Le tech company come Facebook stanno finalmente comprendendo il fatto che sono delle media company. Usano i contenuti per costruire le audience, per poi monetizzarle tramite la pubblicità. Il fatto di aver negato per troppo tempo di essere delle media company dipende in primo luogo da timori di carattere regolatorio e dalla paura di assumere nuove responsabilità. La presa di posizione di Facebook contro le fake news è un’assunzione di responsabilità di fronte agli utenti: i consumatori, sia che si tratti dell’acquisto di un sapone in polvere o delle news (come su Facebook) devono potersi fidare del fornitore. Soprattutto nell’era della post verità questo assunto è fondamentale.

 

5. Semplifica le cose: controllare la distribuzione,  semplificare l’accesso

Gran parte del successo di Netflix dipende dalla semplicità di accedere al servizio. Rendere i suoi contenuti disponibili su ogni tipo di device e l’accordo strategico con diversi fornitori di contenuti è stata la chiave del successo. Tutto il contrario rispetto al modello di business di diverse media company che pensano prima ad impedire l’accesso ai suoi contenuti piuttosto che a semplificarlo.

 

6. La user experience resta un problema, soprattutto per la TV

 

Per l’utente nella giungla dell’offerta televisiva (free, on demand, streaming, pay, online ecc) la scelta del programma da guardare è sempre più complessa. Fra diversi telecomandi e device, dal TV al tablet al pc, trovare e poi scegliere e guardare il programma preferito – un utente può essere contemporaneamente abbonato Netflix, Amazon Prime e HBO – non è semplice. Secondo Ovum, chi riuscirà a centralizzare l’offerta televisiva, magari attraverso l’intelligenza artificiale e il comando vocale, per aiutare lo spettatore a scegliere il programma che vuole vedere nell’orario che preferisce prenderà il comando del salotto di casa. La pirateria è un problema enorme, ma l’utente che spegne e se ne va è una minaccia molto più grande.

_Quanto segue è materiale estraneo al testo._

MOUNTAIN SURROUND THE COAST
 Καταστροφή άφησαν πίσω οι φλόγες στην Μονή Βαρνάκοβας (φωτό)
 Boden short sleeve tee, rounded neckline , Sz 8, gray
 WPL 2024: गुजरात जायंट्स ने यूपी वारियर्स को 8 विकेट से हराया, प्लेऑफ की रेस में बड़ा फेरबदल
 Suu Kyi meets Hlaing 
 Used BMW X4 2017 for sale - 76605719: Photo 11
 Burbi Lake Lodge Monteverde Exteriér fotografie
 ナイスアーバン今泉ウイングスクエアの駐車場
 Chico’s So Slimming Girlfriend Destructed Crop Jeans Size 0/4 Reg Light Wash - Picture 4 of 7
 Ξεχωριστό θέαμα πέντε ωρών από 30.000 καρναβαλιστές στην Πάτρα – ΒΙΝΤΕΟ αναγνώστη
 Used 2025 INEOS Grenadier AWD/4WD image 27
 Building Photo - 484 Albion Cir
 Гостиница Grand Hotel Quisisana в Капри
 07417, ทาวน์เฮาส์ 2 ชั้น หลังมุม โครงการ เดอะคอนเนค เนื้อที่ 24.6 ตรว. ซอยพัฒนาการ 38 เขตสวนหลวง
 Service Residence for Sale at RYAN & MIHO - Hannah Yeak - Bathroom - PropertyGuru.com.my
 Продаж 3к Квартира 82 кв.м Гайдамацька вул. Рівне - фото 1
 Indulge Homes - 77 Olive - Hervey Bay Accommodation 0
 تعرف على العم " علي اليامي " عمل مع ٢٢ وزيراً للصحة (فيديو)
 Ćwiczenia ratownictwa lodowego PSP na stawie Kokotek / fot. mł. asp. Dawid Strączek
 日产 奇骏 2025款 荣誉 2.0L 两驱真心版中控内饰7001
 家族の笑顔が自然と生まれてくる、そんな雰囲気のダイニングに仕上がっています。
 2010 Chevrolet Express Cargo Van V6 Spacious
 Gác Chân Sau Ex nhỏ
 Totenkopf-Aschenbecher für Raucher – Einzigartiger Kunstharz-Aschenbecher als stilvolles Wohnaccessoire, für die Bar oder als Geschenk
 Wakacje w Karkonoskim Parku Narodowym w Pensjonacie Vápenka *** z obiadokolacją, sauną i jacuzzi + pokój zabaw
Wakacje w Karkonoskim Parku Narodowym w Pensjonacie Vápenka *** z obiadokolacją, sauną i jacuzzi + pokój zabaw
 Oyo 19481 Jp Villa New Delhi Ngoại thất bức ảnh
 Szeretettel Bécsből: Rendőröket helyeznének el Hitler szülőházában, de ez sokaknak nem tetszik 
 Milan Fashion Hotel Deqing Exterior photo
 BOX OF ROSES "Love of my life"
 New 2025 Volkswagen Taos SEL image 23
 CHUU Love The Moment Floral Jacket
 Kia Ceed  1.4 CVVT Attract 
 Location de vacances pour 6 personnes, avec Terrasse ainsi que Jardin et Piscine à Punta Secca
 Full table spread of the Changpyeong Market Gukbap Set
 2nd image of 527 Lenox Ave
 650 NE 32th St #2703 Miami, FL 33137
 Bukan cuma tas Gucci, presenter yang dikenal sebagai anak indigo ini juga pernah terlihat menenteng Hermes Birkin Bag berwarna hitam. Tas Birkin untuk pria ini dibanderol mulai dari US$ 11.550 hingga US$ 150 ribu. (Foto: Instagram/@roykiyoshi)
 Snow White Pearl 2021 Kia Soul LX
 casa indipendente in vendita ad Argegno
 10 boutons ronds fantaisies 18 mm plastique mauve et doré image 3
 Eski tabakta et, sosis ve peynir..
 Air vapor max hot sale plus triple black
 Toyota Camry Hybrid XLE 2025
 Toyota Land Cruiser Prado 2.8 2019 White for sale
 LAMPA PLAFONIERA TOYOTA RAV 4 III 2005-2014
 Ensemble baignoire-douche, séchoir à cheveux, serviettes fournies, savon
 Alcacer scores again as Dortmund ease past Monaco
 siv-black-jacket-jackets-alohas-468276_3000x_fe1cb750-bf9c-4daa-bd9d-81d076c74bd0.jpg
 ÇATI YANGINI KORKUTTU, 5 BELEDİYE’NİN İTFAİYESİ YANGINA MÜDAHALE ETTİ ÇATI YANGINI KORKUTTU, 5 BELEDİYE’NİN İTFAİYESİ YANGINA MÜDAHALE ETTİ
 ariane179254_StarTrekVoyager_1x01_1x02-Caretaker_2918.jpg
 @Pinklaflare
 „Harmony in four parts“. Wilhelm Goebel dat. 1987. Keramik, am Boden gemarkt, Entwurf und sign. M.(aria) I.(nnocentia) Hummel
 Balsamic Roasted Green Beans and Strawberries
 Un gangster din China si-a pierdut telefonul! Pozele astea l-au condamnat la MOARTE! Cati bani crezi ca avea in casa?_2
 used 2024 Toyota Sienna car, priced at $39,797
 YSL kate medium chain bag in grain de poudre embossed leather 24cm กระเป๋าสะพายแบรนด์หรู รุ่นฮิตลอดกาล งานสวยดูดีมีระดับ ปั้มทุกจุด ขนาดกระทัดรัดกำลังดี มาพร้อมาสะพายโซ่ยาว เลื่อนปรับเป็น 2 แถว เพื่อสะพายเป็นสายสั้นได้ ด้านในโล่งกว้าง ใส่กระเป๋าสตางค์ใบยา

7. Nuovi flussi di ricavi: l’eCommerce può salvarti

 

L’idea che il consumatore online non sia disposto a spendere per i contenuti digitali è superata, basta considerare la popolarità raggiunta da Spotify e Netflix o il fiorire degli acquisti in-app per l’upgrade dei game. Il prodotto giusto sul device giusta al momento giusto può vendere bene anche online. La vendita diretta al consumatore sta diventando un’opzione percorribile. Tanto più che i pagamenti mobili, l’intelligenza artificiale e i digital assistant sono sempre più presenti nelle nostre case. Il concetto della pubblicità che rimanda all’acquisto in negozio è un po’ trita ormai.